Work required >>
Write back every entry exactly as it reads, with the pictures left behind.

====

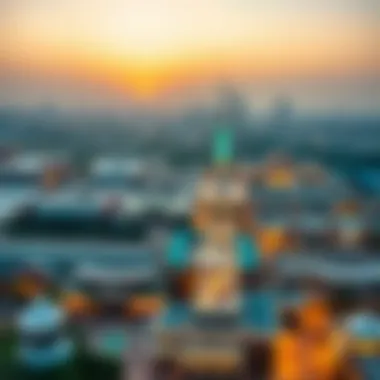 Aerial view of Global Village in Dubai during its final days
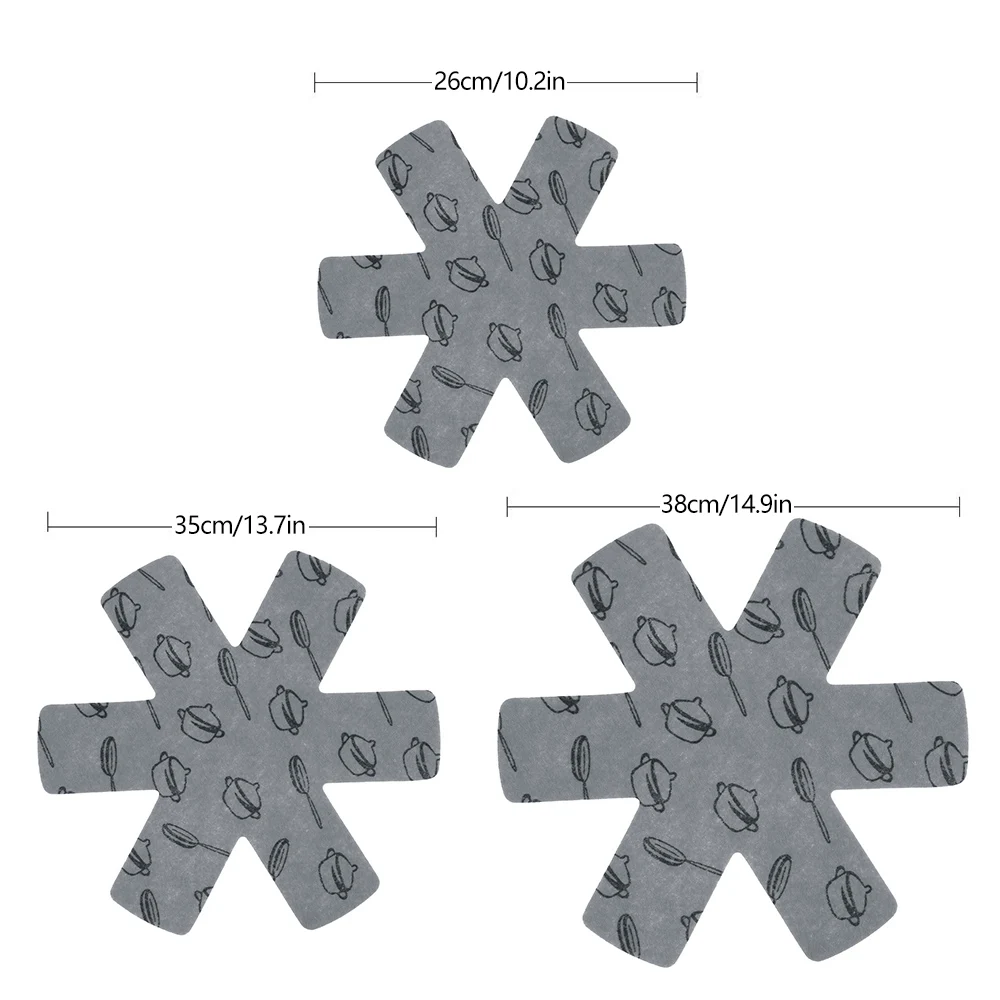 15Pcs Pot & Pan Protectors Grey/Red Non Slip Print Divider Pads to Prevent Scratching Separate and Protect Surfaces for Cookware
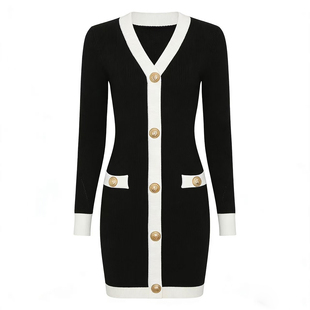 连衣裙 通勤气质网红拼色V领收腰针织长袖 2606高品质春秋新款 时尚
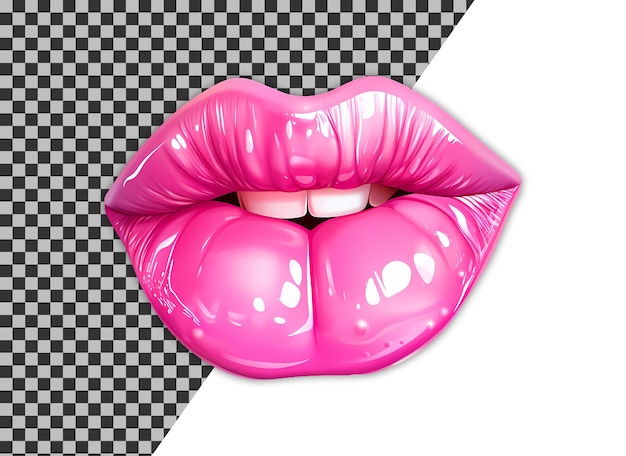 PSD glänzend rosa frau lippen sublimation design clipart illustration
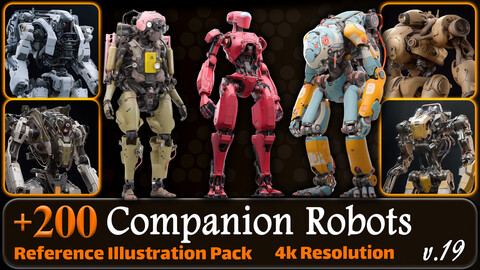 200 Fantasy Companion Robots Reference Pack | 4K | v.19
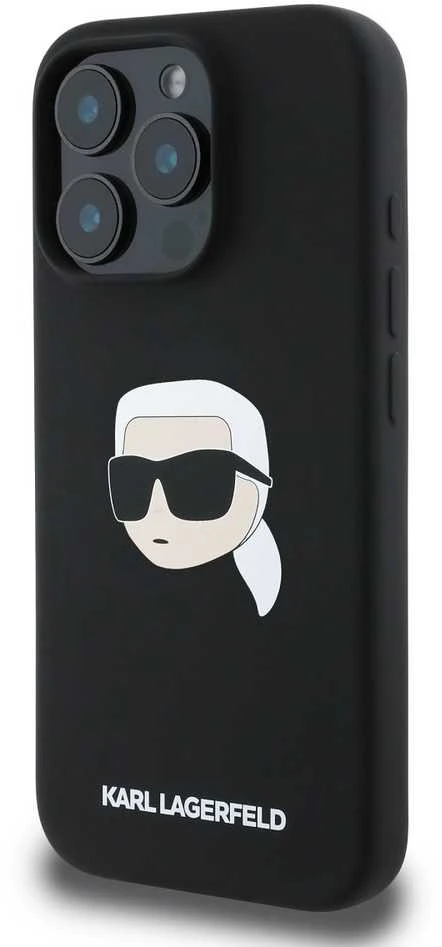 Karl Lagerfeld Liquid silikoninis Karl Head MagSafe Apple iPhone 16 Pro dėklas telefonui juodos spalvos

====

Response to the exercise >>
 Aerial view of Global Village in Dubai during its final days
 15Pcs Pot & Pan Protectors Grey/Red Non Slip Print Divider Pads to Prevent Scratching Separate and Protect Surfaces for Cookware
 连衣裙 通勤气质网红拼色V领收腰针织长袖 2606高品质春秋新款 时尚
 PSD glänzend rosa frau lippen sublimation design clipart illustration
 200 Fantasy Companion Robots Reference Pack | 4K | v.19
 Karl Lagerfeld Liquid silikoninis Karl Head MagSafe Apple iPhone 16 Pro dėklas telefonui juodos spalvos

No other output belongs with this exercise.